YOUR OBJECTIVE »
An acceptable response holds only the line containing "CLOSE KNIT FAMILY &" and every line after it to the end of the records, each reproduced exactly.

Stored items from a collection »

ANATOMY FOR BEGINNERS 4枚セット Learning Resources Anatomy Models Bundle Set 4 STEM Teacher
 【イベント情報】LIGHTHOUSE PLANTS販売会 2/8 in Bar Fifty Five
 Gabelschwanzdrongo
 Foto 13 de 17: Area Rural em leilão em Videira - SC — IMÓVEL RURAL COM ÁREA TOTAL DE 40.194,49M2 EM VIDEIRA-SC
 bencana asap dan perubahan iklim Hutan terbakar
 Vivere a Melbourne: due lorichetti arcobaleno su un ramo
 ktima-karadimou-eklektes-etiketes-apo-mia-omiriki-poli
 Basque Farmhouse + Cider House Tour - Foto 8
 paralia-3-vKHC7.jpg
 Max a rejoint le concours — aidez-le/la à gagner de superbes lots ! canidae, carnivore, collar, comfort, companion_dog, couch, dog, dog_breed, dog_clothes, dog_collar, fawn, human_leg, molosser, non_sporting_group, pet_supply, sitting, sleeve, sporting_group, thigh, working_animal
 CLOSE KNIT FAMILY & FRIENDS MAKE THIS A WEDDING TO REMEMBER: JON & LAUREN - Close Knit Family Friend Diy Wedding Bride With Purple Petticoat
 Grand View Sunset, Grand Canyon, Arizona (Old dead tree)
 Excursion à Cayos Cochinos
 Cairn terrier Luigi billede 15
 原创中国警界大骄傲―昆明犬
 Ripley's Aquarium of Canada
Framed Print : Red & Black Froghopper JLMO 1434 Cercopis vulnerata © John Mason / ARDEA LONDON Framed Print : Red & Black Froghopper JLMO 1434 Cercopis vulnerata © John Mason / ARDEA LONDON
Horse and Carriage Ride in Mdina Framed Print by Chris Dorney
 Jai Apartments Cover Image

WRITTEN RESPONSE »
 CLOSE KNIT FAMILY & FRIENDS MAKE THIS A WEDDING TO REMEMBER: JON & LAUREN - Close Knit Family Friend Diy Wedding Bride With Purple Petticoat
 Grand View Sunset, Grand Canyon, Arizona (Old dead tree)
 Excursion à Cayos Cochinos
 Cairn terrier Luigi billede 15
 原创中国警界大骄傲―昆明犬
 Ripley's Aquarium of Canada
Framed Print : Red & Black Froghopper JLMO 1434 Cercopis vulnerata © John Mason / ARDEA LONDON Framed Print : Red & Black Froghopper JLMO 1434 Cercopis vulnerata © John Mason / ARDEA LONDON
Horse and Carriage Ride in Mdina Framed Print by Chris Dorney
 Jai Apartments Cover Image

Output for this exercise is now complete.